20. Il convient d'attirer l'attention du juge national sur le fait que ce règlement, qui régit le remboursement ou la remise des droits à l'importation ou à l'exportation indûment perçus, ne s'applique, aux termes de son article 1, paragraphe 2, qu'aux droits, taxes, prélèvements et impositions établis par diverses réglementations communautaires et perçus par les Etats membres pour compte de la Communauté. Comme tel, ce règlement n'est pas applicable aux droits, impôts et taxes nationaux, éventuellement perçus en violation du droit communautaire.
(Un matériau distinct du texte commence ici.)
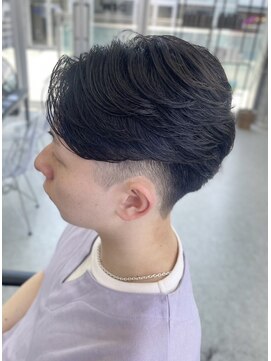 デュー 栄(DEW) 【DEW】フェザーパーマ/フェザーショート/センターパート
21. S'il est vrai que ce règlement vise à assurer la restitution de redevances communautaires indûment perçues et organise, à cet effet, une procédure précise, il n'en reste pas moins qu'il est inapplicable à la question du remboursement de taxes nationales.
Sur les dépens
22. Les frais exposés par le Gouvernement de la République italienne et par la Commission des Communautés européennes, qui ont soumis des observations à la Cour, ne peuvent faire l'objet d'un remboursement. La procédure revêtant, à l'égard des parties au principal, le caractère d'un incident soulevé devant la juridiction nationale, il appartient à celle-ci de statuer sur les dépens.
Par ces motifs,
LA COUR,
Statuant sur les questions à elle soumises par le Président instructeur du Tribunal de Trento par ordonnance du 23 juillet 1982, dit pour droit :
Un Etat membre ne saurait subordonner le remboursement de taxes nationales perçues en violation des prescriptions du droit communautaire à la preuve que ces taxes n'ont pas été répercutées sur d'autres personnes si le remboursement est subordonné à des règles de preuve qui rendent pratiquement impossible l'exercice de ce droit, cela même dans le cas ou le remboursement d'autres impôts, droits ou taxes perçus en violation du droit national serait soumis aux mêmes conditions restrictives.